On the sixth day he received me with a whiskey in his hand. “It’s time you started drinking, my whore!” It was Black Label, a bottle with a characteristic black mark that I would recognize anywhere. I’d always heard that the Koran forbade the drinking of alcohol and that Gaddafi was an extremely religious man. At school and on television they presented him as the finest defender of Islam, always referring to the Koran, leading prayers amid the crowds. So to see him drink whiskey like that was completely unbelievable. You have no idea what a shock it was. The man presented as the father of the Libyans, as the builder of the law, of justice, and as the guardian of absolute authority was violating all the beliefs he professed! Everything was a sham. Everything my teachers taught us, everything in which my parents believed was a lie. “If they only knew!” I said to myself. He handed me a glass. “Drink, you whore!” I wet my lips, felt something burn and despised the taste. “Come on, drink it! Like medicine!”

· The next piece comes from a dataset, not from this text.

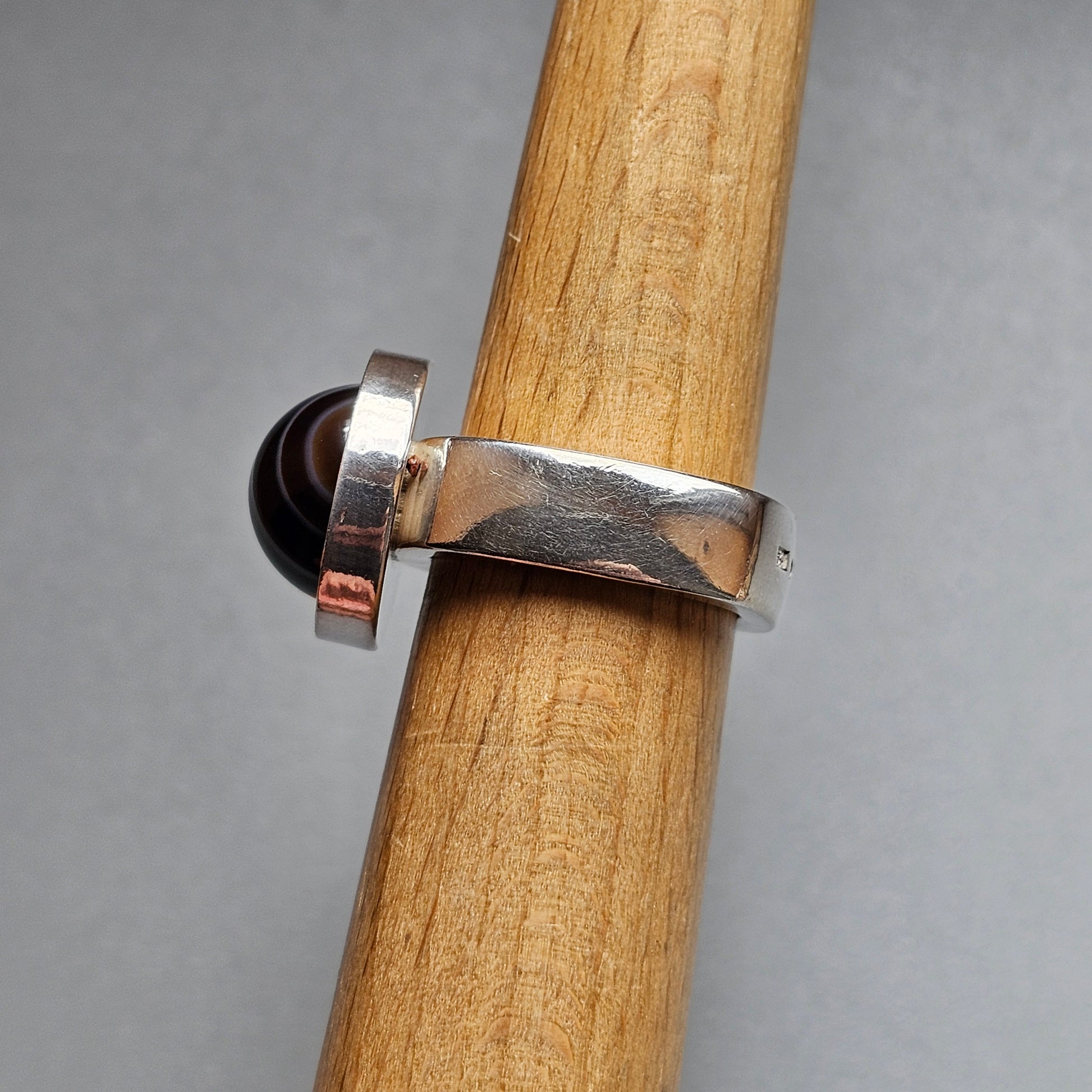 Silver ring with a black stone or bead, wrapped around a wooden dowel or rod.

That same night we all left, in convoy, for Tripoli: a dozen cars or so, the huge camper van, and a pickup loaded with equipment, including a lot of large tents. All the girls were in uniform again and all of them looked thrilled to be leaving. I was in despair. Leaving Sirte meant I’d be even farther away from my parents, losing any chance to go back home. I tried to imagine a way to escape, but it was useless. Was there a single place in Libya where one could escape Gaddafi? His police, his militia, his spies were everywhere. Neighbors kept an eye on neighbors and even within some families there might be denunciations. I was his prisoner and at his mercy. The girl sitting next to me in the car noticed my tears. “Oh, little one! They told me they took you from school . . .” I didn’t answer. Through the window I was watching Sirte vanish in the distance. I was unable to say a word. “Oh, it will be all right!” the girl next to the driver called out. “We’re all in the same situation.”